@edgarblythe,
Your point is well taken. No one in the Soviet Union set out to extirpate religion, nor to force people to abandon their religious beliefs.
In about 1700, Petr Alexeevitch, the third Romanov Tsar (known to history as Peter the Great), made all of the clergy and monastics of the Russian Orthodox Church employees of the state, and undertook the support of the "physical plant" of the established church. His father, Alexei Mikhailovitch, had fought a monumental battle with the Patriarch Nikkon before overthrowing him and replacing him. Peter intended to have no enemies in his rear while he fought what proved to be a long and devastating war with the Swedes.
It has become a shibboleth of hysterical, ranting religionists that the Soviet Union was an atheistic state which killed millions of Christians. There can be no doubt that the Soviet Union killed millions--there is considerable reason to doubt that they killed them
because they were Christians. At most, a few thousands were killed who were clergy or monastics of the Russian Orthodox Church. However, they fell victim to their own decision to support Admiral Kolchak and the White Russians. Clergy and monastics who kept aloof from that struggle large did not suffer directly. They all suffered indirectly because the state withdrew its support for the established church.
Many examples are advanced, the most popular being the myth of the slaughter of the Kulaks (a myth to the extent of the scale of the deaths is alleged). After the collapse of the Empire, the two remaining political parties other than the Bolsheviks were the Peasant Party and the Socialist Revolutionaries. The Peasant Party wanted to distribute land to the peasants, and the Socialist Revolutionaries support their program in their attempt to wrest power from the Bolsheviks.
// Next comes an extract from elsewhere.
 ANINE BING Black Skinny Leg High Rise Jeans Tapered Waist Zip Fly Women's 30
Stalin was well aware that once peasants got land, they had no further interest in revolution, and that would have taken away the extraordinary power which the Bolshevik state was able to wield. So, Stalin undertook agricultural collectivization, and the deportation of the "Kulaks." Kulak means fist, and was used in the sense of tight-fisted; it was a propaganda ploy against those peasants who have gotten land from the Peasant Party and the Socialist Revolutionaries. When Fanni Kaplan (a.k.a. Dora Kaplan) attempted the assassination of Lenin, Felix Dzerzhinski and the Cheka (All-Russian Extraordinary Commission for Combating Counterrevolution and Sabotage--ancestor to the NKVD and the KGB) had all the excuse they needed to go after the Socialist Revolutionaries (of which Kaplan was a member) and their associates the Peasant Party.
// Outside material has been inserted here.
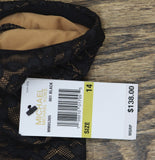 Michael Michael Kors Womens Lace Cross Back One Piece Swimsuit Black / Brown 14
Stalin moved as soon as he could to break up the land-owning peasants, especially in the Ukraine. Despite wild, hysterical claims by religionists, this was done for policy reasons, and had no reference to their religious beliefs, if they even had any. Also contrary to the hysterical charges, somewhat less than a million of them died in the deportations, not millions and millions of them (there weren't millions and millions of them in the first place). I don't suggest that it should be brushed aside because there weren't a million of them, it was a horrendous act of indirect murder. However, the figures are conflated with the millions who did die in the resulting famines. Before 1914, Russia was a net exporter of grain. After the deportation of the Kulaks, the grain production of Russia and the Ukraine never recovered.
Those millions who died in the deportations and the subsequent famines were not murdered outright because of their religious beliefs. Nor was that the case with those sent to the gulags. Perhaps some who attracted the unhealthy attention of the state did so because of their actions which were motivated by their religious beliefs, but they were not condemned and exiled for their religious beliefs. Certainly Trotsky and his Red Army were probably very ham-handed and little discerning in their treatment of Russian Orthodox clergy and monastics who supported the White Russians. Once again, this is not evidence that they were systematically slaughtered as Christian martyrs and saints.
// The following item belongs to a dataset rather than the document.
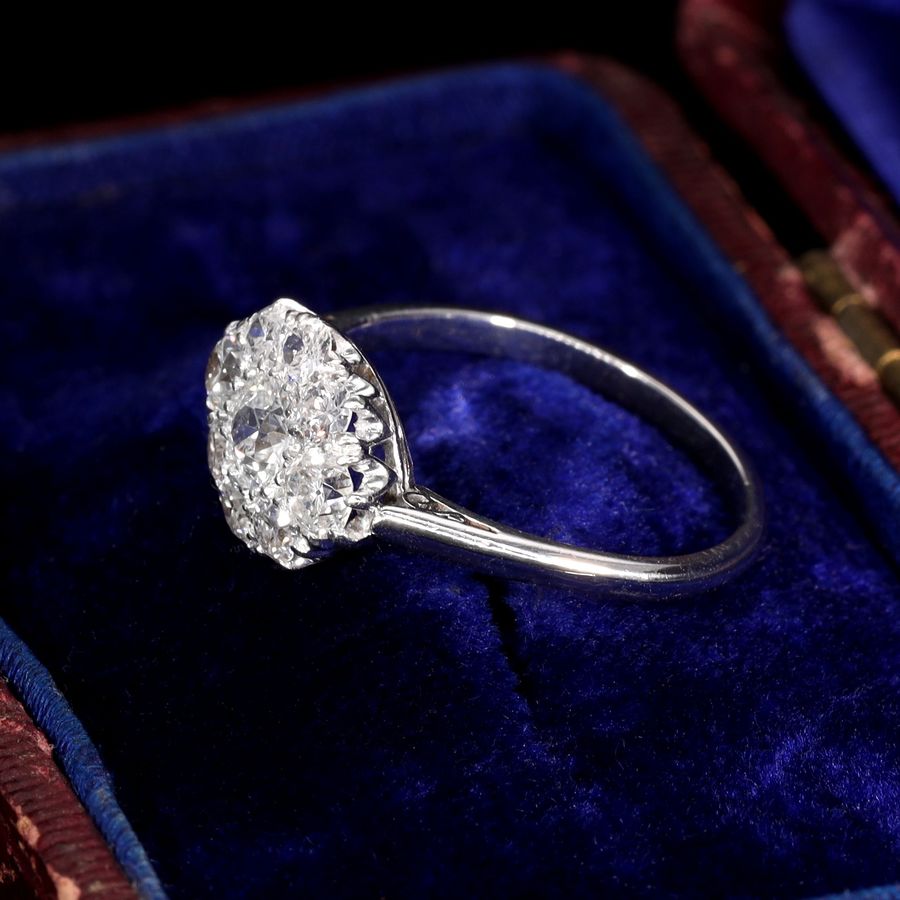 Antique The Antique Platinum Brilliant Cut Diamond Cluster Ring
Thereafter, those who wished to advance in Soviet society needed to be members of the Communist Party. To do so successfully, they were obliged either to successfully hide their religious scruples or to abandon them altogether. And, of course, three generations of Soviet citizens were born and grew to maturity without benefit of clergy.
This is a long and perhaps questionable digression. Nevertheless, i consider it justifiable because dealing with such wild accusations is part of the experience of any atheist who is put upon by religious fanatics.